*** Begin section ***

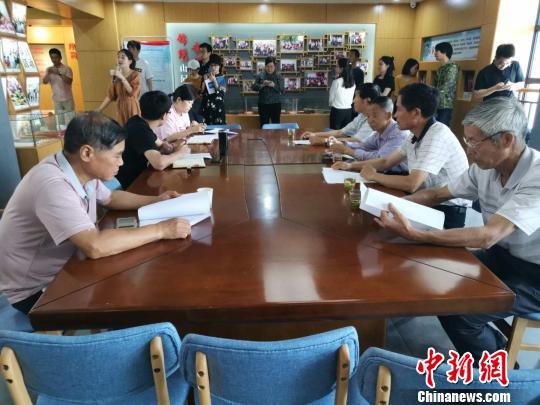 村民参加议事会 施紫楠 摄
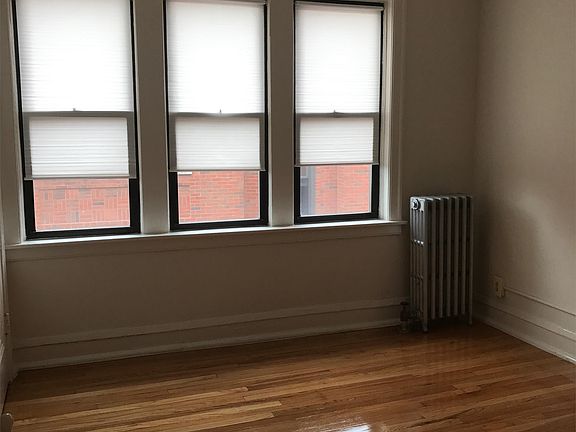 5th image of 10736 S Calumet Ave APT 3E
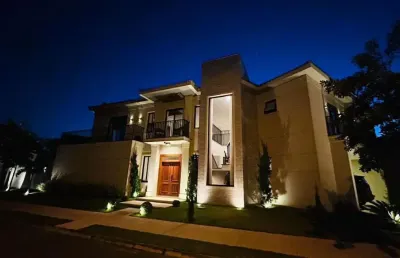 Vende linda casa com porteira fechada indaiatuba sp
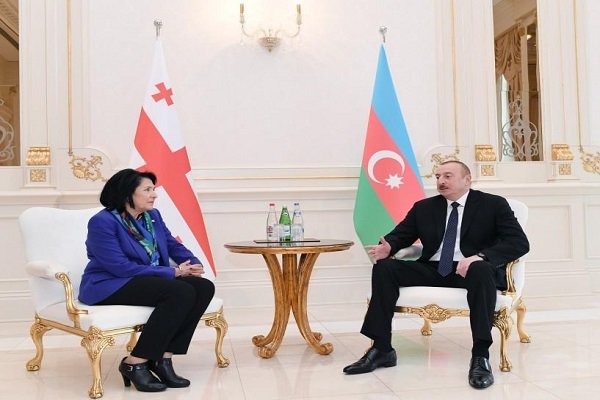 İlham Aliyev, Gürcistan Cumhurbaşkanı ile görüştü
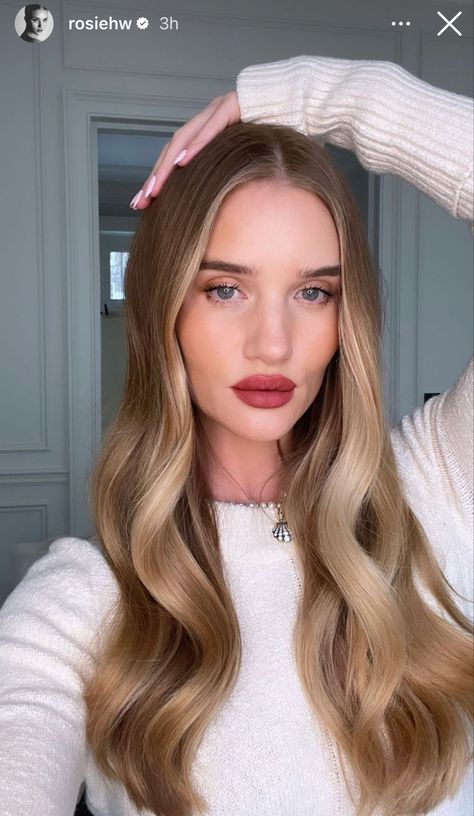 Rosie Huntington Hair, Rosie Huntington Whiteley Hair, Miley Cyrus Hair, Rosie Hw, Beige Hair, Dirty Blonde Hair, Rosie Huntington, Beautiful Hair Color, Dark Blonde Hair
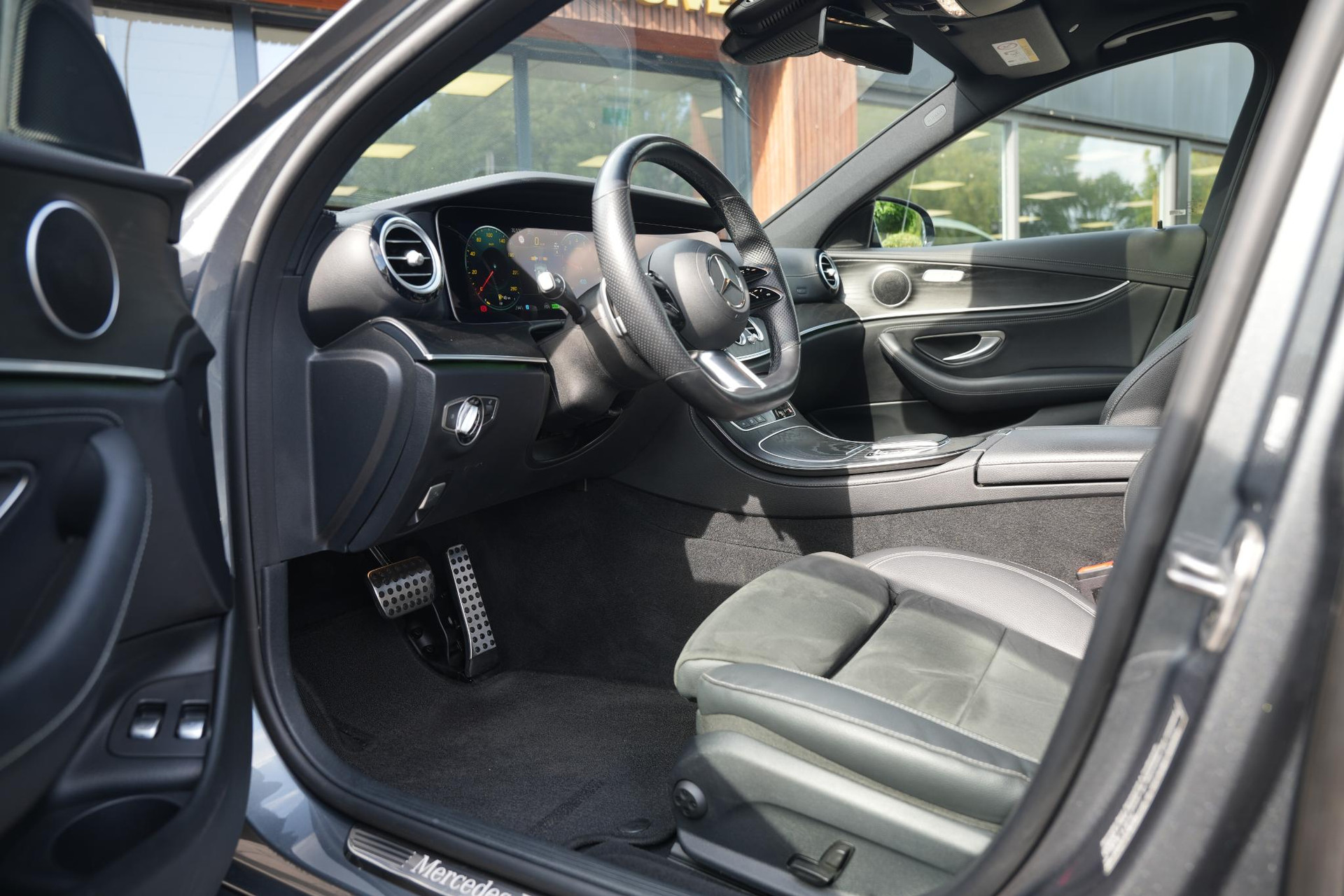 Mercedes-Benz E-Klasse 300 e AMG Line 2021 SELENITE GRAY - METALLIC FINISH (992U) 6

*** End section ***

Take the line containing "İlham Aliyev, Gürcistan" and every line after it up to the end of the entries, and quote them exactly. Both ends count; the pictures do not.

 İlham Aliyev, Gürcistan Cumhurbaşkanı ile görüştü
 Rosie Huntington Hair, Rosie Huntington Whiteley Hair, Miley Cyrus Hair, Rosie Hw, Beige Hair, Dirty Blonde Hair, Rosie Huntington, Beautiful Hair Color, Dark Blonde Hair
 Mercedes-Benz E-Klasse 300 e AMG Line 2021 SELENITE GRAY - METALLIC FINISH (992U) 6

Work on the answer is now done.